On January 3, the Post’s Amy Gardner reported that “all but two of the 20 Republican House members who voted against Kevin McCarthy . . . are election deniers who embraced former President Donald Trump’s false claims that the 2020 election was rigged.” This may be true. But it is also true that all but a handful or two of the House Republicans who voted for McCarthy were also election deniers and in effect still are election deniers.

To put this more bluntly: the idea that the Biden presidency, and indeed Democratic political power more generally, is illegitimate, and must be reversed by a combination of culture war and dramatic changes to election law—this idea is the common sense, and indeed the catechism, of the entire current Republican party.

Kevin McCarthy and Jim Jordan and their crowd are not eager to become the official leaders of the House so that they can promote a coherent policy agenda.
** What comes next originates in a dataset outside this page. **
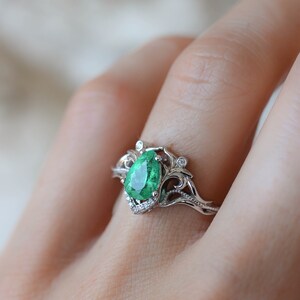Natural emerald and diamonds ring, unique engagement ring, vintage wedding, leaves ring, moissanite ring, art nouveau ring, ring for woman image 5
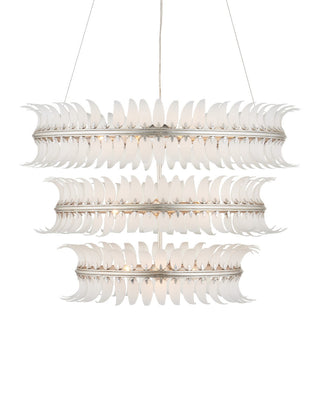 Currey and Company - 9000-1431 - 12 Light Chandelier - Capheira - Frosted / Contemporary Silver Leaf / Contemporary Silver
They are eager to assume the reins of power so that they can do what they have long said they wanted to do: relentlessly stymie, investigate, and hound the Biden administration, the Justice Department, the FBI, and the Centers for Disease Control, and more generally to undermine what they call “the deep state.” If there is any distance between McCarthy supporters and “Never Kevins,” it is only that the latter are eager to proceed in an even more fanatical way (one MSNBC journalist just reported that one of McCarthy’s “concessions” to his opponents was an agreement to support the impeachment of Secretary of Homeland Security Alejandro Mayorkas–something that McCarthy himself threatened last November).

The distance between the “original” January 6—2021—and today is not very great at all.
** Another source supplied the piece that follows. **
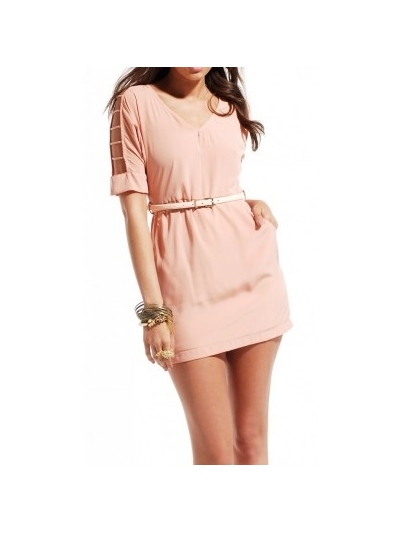 Rochie mini cu curea si decupaje pe umeri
As the House Selection January 6 Committee Report now makes clear, the violent assault of the mob on the Capitol that day was the culmination of a very extensive effort by Trump and his supporters to use a range of legal and extra-legal means to stay in power. The violence was rather quickly seen as excessive by almost all Republican members of Congress—no doubt because it threatened their very lives—if only for a while (within days they were walking back their criticisms of Trump, then opposing his impeachment, and then eventually kissing his ring at Mar-a-Lago). But it has long been clear that the primary means by which the Republican party seeks to weaken political opposition, cement its own power, and thereby limit democracy, are legal or quasi-legal means—through federal and state law, court rulings, and executive power when they control it. And the key to this agenda is the weakening and the delegitimation of the Biden administration, the Democratic party, and liberal democracy itself. Control of the House of Representatives is now central to this. On this all the House Republicans now squabbling about titles and rules and committee assignments agree.

There may be differences among them. But when it comes to their hostility to liberal democracy, they are united. They may be wearing suits and carrying briefcases. But they are a mob, and they are dangerous.